A luta contra o aquecimento global

Publicado em: 17/02/2020 08:00

Na luta contra o aquecimento global está valendo tudo, até proibir automóveis movidos a combustíveis fósseis. A ideia é interessante, mas the devil is in the detail. A medida precisa de melhor atenção, caso contrário os efeitos podem ser piores do que o esperado. Uma política que considere impostos sobre emissões e sobre o uso da energia não-renovável, atrelado a subsídios na renovável poderia ser uma alternativa.

O projeto de lei 304/2017, do senador Ciro Nogueira (PP-PI), foi aprovado na semana passada pela Comissão de Constituição e Justiça e está agora na Comissão de Meio Ambiente.
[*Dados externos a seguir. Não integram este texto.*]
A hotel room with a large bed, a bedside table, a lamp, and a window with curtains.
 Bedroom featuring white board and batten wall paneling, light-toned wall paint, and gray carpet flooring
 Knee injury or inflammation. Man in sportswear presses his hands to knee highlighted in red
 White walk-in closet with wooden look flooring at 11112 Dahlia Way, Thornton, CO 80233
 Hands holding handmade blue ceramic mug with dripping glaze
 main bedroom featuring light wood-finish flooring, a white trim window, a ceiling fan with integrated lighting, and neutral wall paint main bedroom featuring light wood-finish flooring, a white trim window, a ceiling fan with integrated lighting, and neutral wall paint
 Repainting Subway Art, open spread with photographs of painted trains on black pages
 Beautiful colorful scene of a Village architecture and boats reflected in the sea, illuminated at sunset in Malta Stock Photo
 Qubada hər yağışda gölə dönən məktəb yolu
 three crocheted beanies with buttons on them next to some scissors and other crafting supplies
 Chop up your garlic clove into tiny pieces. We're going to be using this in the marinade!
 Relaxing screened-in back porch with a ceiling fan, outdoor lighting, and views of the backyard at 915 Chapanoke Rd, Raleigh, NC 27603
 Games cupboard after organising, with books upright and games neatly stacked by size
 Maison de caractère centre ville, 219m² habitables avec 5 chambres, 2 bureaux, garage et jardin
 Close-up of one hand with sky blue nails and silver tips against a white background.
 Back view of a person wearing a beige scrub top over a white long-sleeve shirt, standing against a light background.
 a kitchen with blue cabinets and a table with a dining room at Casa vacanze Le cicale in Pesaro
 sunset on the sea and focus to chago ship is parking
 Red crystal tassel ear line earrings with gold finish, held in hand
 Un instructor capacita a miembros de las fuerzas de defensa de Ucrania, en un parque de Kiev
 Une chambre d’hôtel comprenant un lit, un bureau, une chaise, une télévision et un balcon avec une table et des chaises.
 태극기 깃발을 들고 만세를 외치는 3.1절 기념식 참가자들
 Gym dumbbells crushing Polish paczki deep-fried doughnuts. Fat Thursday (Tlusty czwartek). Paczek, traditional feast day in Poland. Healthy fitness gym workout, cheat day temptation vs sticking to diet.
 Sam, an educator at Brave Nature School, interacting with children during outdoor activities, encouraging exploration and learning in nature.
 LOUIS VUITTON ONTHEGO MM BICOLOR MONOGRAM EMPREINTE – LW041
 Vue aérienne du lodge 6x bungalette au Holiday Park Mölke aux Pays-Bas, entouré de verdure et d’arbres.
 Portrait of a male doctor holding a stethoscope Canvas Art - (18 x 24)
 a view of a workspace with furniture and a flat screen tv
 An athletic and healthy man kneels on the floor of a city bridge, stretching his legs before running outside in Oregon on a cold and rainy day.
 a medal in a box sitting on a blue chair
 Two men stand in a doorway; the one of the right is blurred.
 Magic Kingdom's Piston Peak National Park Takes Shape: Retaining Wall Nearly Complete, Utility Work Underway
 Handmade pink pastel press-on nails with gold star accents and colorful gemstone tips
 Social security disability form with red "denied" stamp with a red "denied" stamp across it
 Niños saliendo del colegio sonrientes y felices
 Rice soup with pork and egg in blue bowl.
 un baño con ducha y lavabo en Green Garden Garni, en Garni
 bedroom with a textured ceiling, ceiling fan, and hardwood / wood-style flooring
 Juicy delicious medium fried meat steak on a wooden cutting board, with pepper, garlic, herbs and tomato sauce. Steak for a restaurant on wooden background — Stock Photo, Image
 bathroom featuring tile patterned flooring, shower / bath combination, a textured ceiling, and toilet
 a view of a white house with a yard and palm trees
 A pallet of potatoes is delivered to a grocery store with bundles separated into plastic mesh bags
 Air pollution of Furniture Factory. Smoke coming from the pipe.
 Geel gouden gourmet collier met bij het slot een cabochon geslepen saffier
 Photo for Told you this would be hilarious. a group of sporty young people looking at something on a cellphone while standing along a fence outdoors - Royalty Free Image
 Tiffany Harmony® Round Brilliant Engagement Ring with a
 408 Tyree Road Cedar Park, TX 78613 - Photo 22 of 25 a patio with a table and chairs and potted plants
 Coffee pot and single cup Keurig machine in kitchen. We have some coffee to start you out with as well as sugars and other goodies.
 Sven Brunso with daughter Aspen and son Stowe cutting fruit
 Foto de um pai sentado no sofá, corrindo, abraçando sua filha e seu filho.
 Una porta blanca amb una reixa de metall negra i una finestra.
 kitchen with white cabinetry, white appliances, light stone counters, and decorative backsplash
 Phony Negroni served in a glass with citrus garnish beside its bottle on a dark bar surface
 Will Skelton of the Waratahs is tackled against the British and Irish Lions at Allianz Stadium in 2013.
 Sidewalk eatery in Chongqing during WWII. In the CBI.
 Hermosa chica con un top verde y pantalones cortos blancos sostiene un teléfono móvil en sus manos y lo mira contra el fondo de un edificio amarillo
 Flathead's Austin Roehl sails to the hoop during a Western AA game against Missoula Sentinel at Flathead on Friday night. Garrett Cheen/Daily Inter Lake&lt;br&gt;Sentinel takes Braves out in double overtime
Se virar realidade, a medida prevê uma redução gradual na venda de veículos novos movidos a combustíveis fósseis, chegando à proibição total a partir de 2060. A medida seria uma resposta necessária para “reduzir o aquecimento global causado pelas diversas atividades humanas”.

Na justificativa apresentada, o argumento é que países como França, Reino Unido, Áustria, Holanda e Noruega adotaram medidas semelhantes. Além disso, o país “possui uma produção de eletricidade relativamente limpa, a troca de veículos movidos a combustíveis fósseis por veículos elétricos, neste contexto, será ambientalmente vantajosa.” Apesar de bem intencionada, a medida pode ter efeitos indesejáveis sobre o meio ambiente.

Em primeiro lugar, os dados das emissões líquidas de CO2 para o Brasil mostram que o maior responsável pelas emissões é o uso da terra (37%), seguido da Agropecuária (29%), enquanto o uso da energia responde por 24% das emissões líquidas. Neste último, o maior peso está na produção e consumo de petróleo (70%), seguido pelo gás natural (17%). O projeto de lei carece, portanto, de estudos que revelem o quanto de CO2 será reduzido, já que “afeta” uma parte apenas das emissões.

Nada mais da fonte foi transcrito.